Material provided Block Start

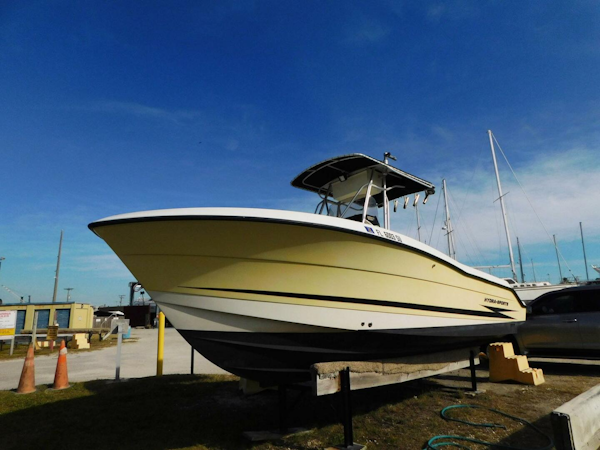 Hydra-Sports-Vector 2400 CC 2004-Knot For Reel Cape Canaveral-Florida-United States-4871301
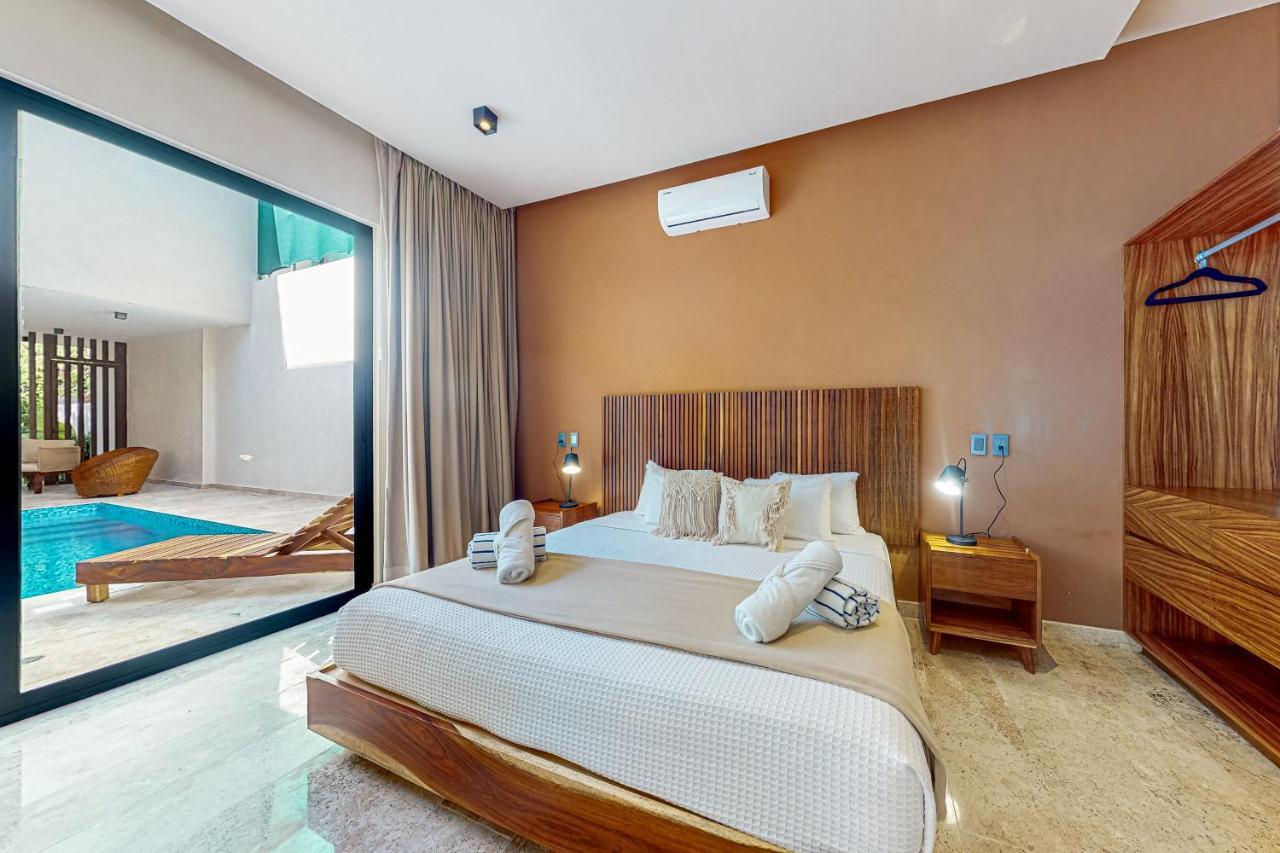 Villa Katalox At Aldea Zama Тулум Экстерьер фото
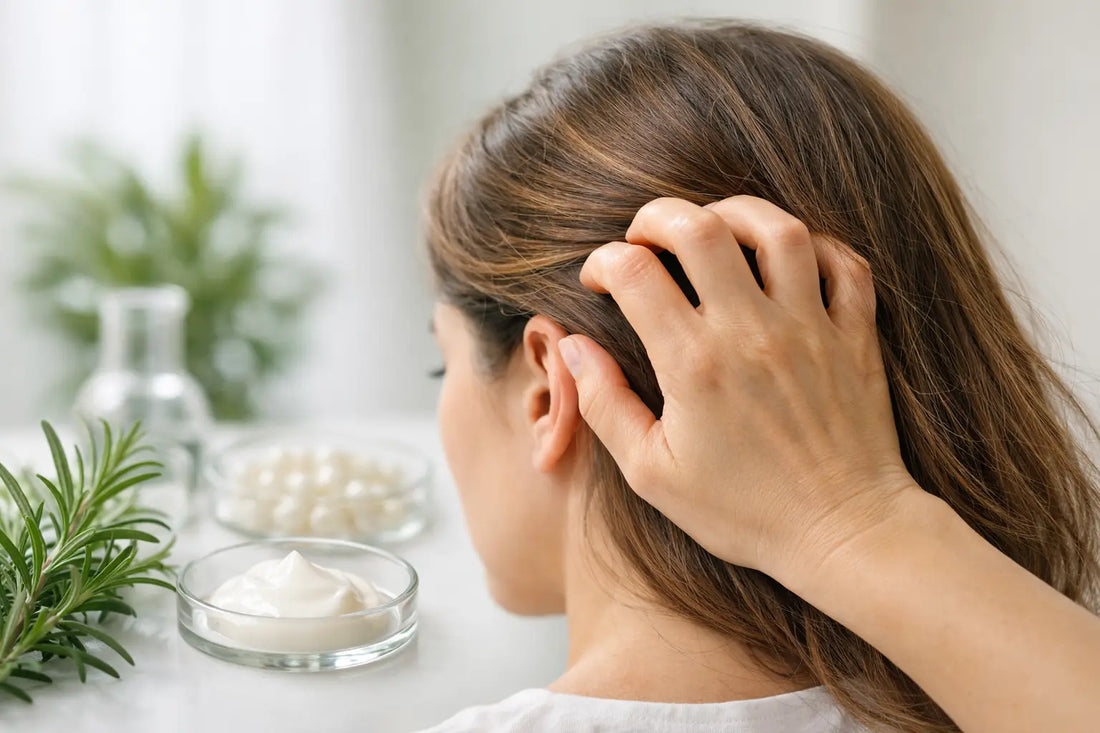Can Scalp Ceramides Reduce Itching? What Helps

Material provided Block End

→ Your goal:
The data is to be printed again exactly, but without its pictures.

→ Completed exercise:
 Hydra-Sports-Vector 2400 CC 2004-Knot For Reel Cape Canaveral-Florida-United States-4871301
 Villa Katalox At Aldea Zama Тулум Экстерьер фото
Can Scalp Ceramides Reduce Itching? What Helps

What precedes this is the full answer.